O encontro com esses objetos se deu quando me mudei para um apartamento mobiliado, que carregava do piso ao teto, em todas as paredes e recintos, marcas e memórias de outras pessoas que para mim eram totalmente desconhecidas. Pessoas que saíram e deixaram os mais diversos itens pessoais, que carregam memórias que datam de mais de um centenário. Após alguns anos vivendo como forasteira nesse espaço, comecei a me interessar por esses objetos que me olhavam; eles se tornaram parte do meu cotidiano, comecei a tirá-los dos roupeiros e armários e me deixei percebê-los diariamente. Esse é um dos processos que se relaciona diretamente com minha prática de ateliê, penso como o ambiente pode ser um agente na produção, e insiro elementos de interesse nesse espaço, buscando posteriormente identificar essas relações e referências que se manifestam no trabalho.

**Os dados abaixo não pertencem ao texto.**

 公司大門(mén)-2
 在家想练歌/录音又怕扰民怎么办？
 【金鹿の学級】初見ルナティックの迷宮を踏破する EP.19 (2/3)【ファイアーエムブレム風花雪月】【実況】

A inclusão do estudo da sombra no meu processo deu-se no período de confinamento, em 2020. A partir de uma observação mais longa do espaço e da relação dele com a luz comecei a me interessar por essa resultante do contato entre os dois: a sombra. A sombra configura-se como uma matriz no meu processo, forma-se pela interposição de um objeto entre a fonte de luz e um anteparo, alguns raios de luz ficam retidos no obstáculo/objeto e outros seguem caminho até encontrarem uma superfície, formando uma região luminosa em torno da silhueta bidimensional. A sombra também se apresenta como o duplo, como um outro daquele que a projeta, é um signo de ausência/presença.
Para dar forma à essas sombras que estiveram em contato com o papel ou tecido, e tiveram sua silhueta contornada a fim de conservar o formato, procurei por algo que me remetesse a repetição da gravura, após alguns experimentos, decidi incorporar um gesto mecânico de repetição de pontos utilizando a máquina de costura. As linhas em ziguezague se repetem e se multiplicam formando uma área mais escura de acordo com a proximidade entre elas, assim como quando utilizo o desenho para, a partir de hachuras, construir a imagem pela repetição de gestos. Como desdobramento desses trabalhos passei também a representar o objeto desenhado juntamente com sua sombra costurada em ziguezague na cor azul, partindo de outros experimentos de ateliê que me levaram ao uso do azul nas sombras.[1]